[411] State v. G. T. R., 4 Am. Rep. 258; 58 Me. 176.

[412] Jeffersonville, etc., Rw. v. Riley, 39 Ind. 568.

CHAPTER X.
PLATFORMS AND ALIGHTING.

Right to Safe Ingress, Egress, and Regress.—Defective Platforms.—The Englishman and the C’mum cat’or.—Getting out of Cars.—Train not at Platform.—Calling out Name; is it Invitation to alight?—Ladies jumping.—Hoop-skirts.—Must have Safe Place to alight.—Leaving Train in Motion.

“Well, here we are at last at H.,” said my friend who was learned in the law.

“Yes, now we have a chance of getting some grub (carefully collated from the plates of those who were here before us), and taking the epidermal covering off the interior of our mouths with a scalding decoction dignified by the name of tea,” I replied.

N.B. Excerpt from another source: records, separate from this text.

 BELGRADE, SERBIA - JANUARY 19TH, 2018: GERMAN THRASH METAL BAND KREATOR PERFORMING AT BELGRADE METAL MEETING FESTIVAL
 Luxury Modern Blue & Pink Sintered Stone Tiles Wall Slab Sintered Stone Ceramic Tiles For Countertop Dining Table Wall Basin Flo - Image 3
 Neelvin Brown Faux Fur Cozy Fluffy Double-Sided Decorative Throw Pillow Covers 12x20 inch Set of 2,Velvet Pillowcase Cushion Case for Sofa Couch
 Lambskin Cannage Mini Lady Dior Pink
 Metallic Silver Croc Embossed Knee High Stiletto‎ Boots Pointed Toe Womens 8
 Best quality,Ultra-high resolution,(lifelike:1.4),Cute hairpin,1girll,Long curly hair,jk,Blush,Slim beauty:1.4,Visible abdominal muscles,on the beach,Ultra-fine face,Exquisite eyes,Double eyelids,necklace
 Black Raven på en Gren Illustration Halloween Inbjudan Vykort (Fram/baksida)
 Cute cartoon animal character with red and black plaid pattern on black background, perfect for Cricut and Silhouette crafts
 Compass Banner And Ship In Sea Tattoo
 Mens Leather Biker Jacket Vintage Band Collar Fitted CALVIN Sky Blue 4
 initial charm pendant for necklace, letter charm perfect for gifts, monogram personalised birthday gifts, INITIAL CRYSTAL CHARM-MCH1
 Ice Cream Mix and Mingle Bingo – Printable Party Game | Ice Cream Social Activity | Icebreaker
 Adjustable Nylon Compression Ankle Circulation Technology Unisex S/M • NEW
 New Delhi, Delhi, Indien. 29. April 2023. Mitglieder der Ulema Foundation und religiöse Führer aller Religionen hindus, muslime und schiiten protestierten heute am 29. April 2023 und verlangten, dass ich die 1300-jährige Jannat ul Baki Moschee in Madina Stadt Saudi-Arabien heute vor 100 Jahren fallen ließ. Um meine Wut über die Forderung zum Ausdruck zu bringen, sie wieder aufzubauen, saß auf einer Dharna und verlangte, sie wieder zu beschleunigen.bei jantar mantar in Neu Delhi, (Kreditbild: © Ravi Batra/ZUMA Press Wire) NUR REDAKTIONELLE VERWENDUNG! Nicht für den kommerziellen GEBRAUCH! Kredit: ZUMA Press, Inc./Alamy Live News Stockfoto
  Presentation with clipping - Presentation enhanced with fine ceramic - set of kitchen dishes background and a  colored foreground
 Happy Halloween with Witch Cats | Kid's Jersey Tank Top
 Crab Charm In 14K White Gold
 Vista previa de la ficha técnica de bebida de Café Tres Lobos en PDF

“Ding-dong-all gone—come along—one-all,” sounded forth the bell of the refreshment-room, as the train drew up to the platform, and all the weary travellers sprang up eager to stretch their limbs and to replenish the inner man. Out they rushed. Night had thrown her sable mantle (she has no other except for moonlight wear) over nature’s tired bosom, so some of our fellow travellers, in the gloom, were precipitated into a hole in the platform, which the company carelessly suffered to be there—yawning open-mouthed—unmindful of the fact that passengers have the same rights to safe ingress, egress, regress, and progress over the stations and platforms at the intermediate places where the trains stop for refreshment, as they have at the termini of the line;[413] although it would appear that where a stoppage is made only for the purposes of the railway, and people are not expected to get in or out, the rights of the travelling public and the liability of the company are both greatly curtailed.[414] As soon as one procures a ticket he is to be regarded as a passenger, and is entitled to a safe passage to his seat.[415]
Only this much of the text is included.